Various text and graph data extracted from Wikipedia.

Enlish/French: Algebraic Geometry

These are paired Wikipedia documents in two languages. First, starting at the Algebraic geometry page in English, we move two steps out, following links in the Wikipedia graph. Given all those documents, we remove those that do not have a corresponding page in the French Wikipedia. Here "corresponding" means there is a link from the English to the French (on the left hand side of the page) and a link from the French back to the English. The files below are ordered: the graphs are edge lists with node number as document number, and document i in English corresponds to document i in French.

The data are found in: agdata.tgz. This compressed tar file contains the following files:

agen.edgelist The English Wikipedia graph
agfr.edgelist The French Wikipedia graph
agen.titles English titles
agfr.titles French titles
categories Wikipedia categories (English)
classes Class lables (see below)
In addition, there are five files with lists of the documents in each class: dates, locations, math, people, things.

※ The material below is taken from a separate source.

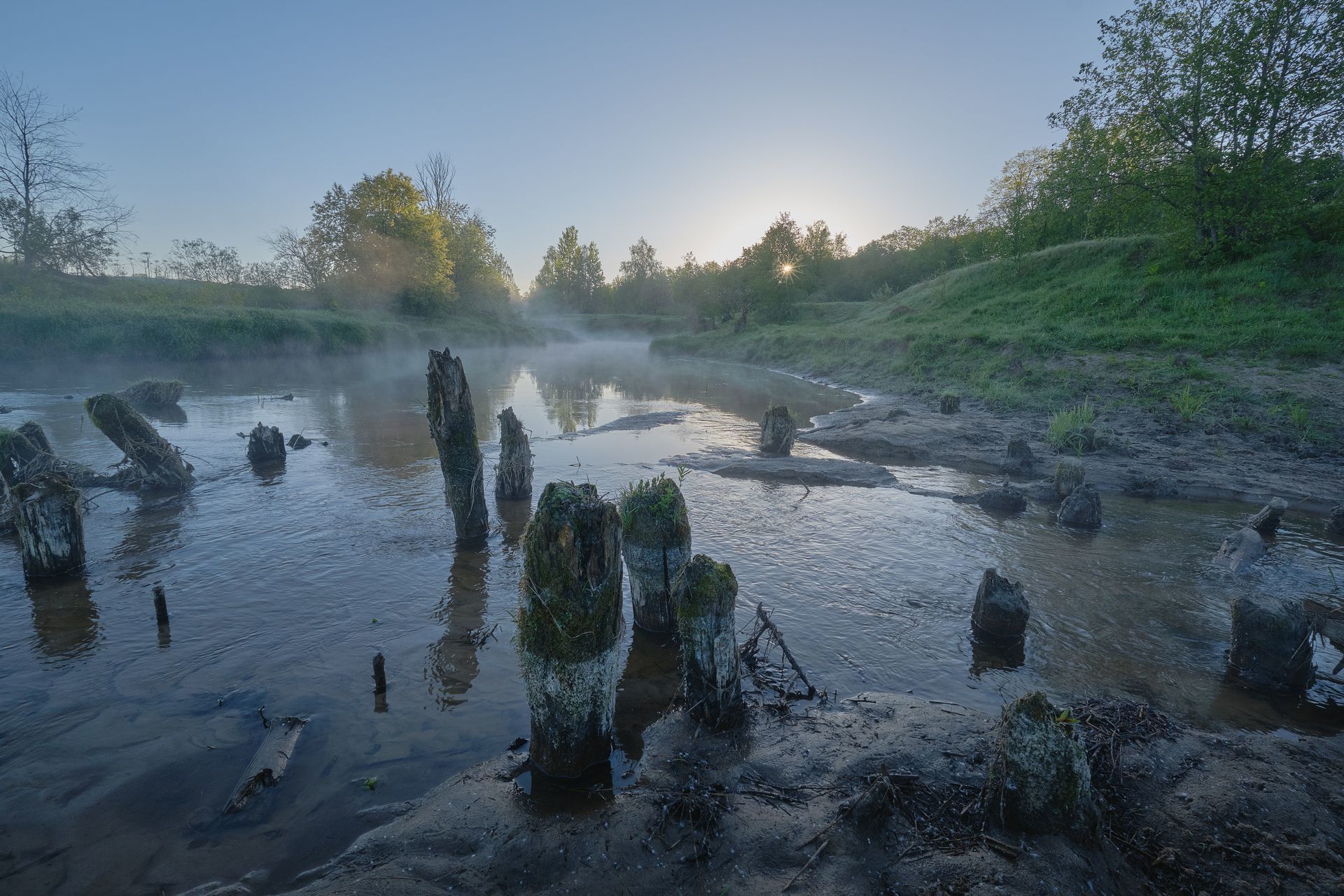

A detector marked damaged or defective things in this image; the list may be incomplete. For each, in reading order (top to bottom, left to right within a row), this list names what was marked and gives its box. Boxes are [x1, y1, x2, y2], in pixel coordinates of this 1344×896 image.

The class labels correspond to one of these 5 things plus "other".

In addition to these, there are three files: agen.wch and agfr.wch (the word-count histograms) and agxml.tgz, a tar containing the original Wikipedia xml (parsed out very minimally, so that there is (mostly) only the text). Each language has its own xml document.

The word-count-histogram files are in the format:

"id:title" "word1:count1" "word2:count2" ...

With the separator a tab. The "id" is from Wikipedia, and has no relationship to the vertex labels or anything else, and should pretty much be ignored. Punctuation has been mostly removed, except that single quotes remain. Also, no effort has been made to ensure that the word is actually a word in the purported language. There are often English words in Wikepedia articles of other languages, and links to other languages (in that language), which can be included in the WCH. Finally, words with Greek roots often have the original Greek word in the text, and these will also show up in the WCH.

English/Farsi

Like the Algebraic geometry dataset, these are pairs of corresponding documents in the English and Farsi Wikipedia. These are all the documents with a bijective link (as of the date the data were obtained, sometime in 2008). Untar enfawch.tgz and it will create a directory "Matched", containing two word-count histogram files, one for each language. Like the AG data, these are ordered -- line i in English corresponds to line i in Farsi. As with the AG data, almost no processing was done to these words, so out-of-language words and words containing single quotes appear in these histograms. They can be ignored, or used, as you see fit. The file docs contains a list of the rows corresponding to document pairs where each contain a "reasonable" number of words: 500 or more words, at least 100 distinct words, in both languages. There are 2448 of these.